▸ DIRECTIONS:
Pictures should be left out when the listing below is repeated word for word.

▸ DATA EXTRACT:

--- START ---

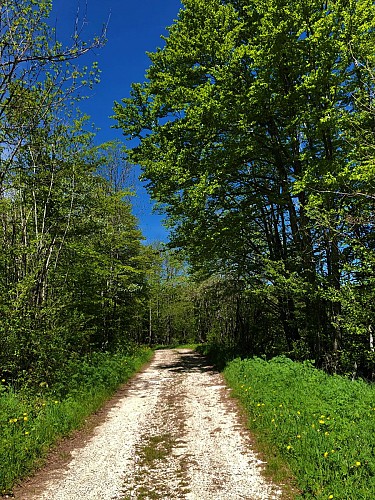 Circuit de randonnée du Tour de Retord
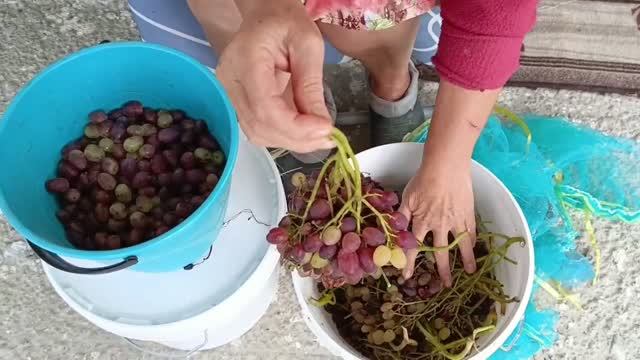 Осень наступает Сушим виноград Вялим помидоры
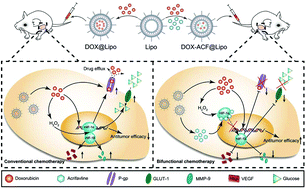 Graphical abstract: Bifunctional liposomes reduce the chemotherapy resistance of doxorubicin induced by reactive oxygen species
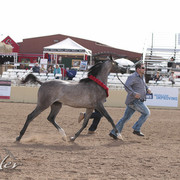 2012 Scottsdale Show | Days 1 & 2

--- END ---

▸ SOLUTION TO THIS PROBLEM:
 Circuit de randonnée du Tour de Retord
 Осень наступает Сушим виноград Вялим помидоры
 Graphical abstract: Bifunctional liposomes reduce the chemotherapy resistance of doxorubicin induced by reactive oxygen species
 2012 Scottsdale Show | Days 1 & 2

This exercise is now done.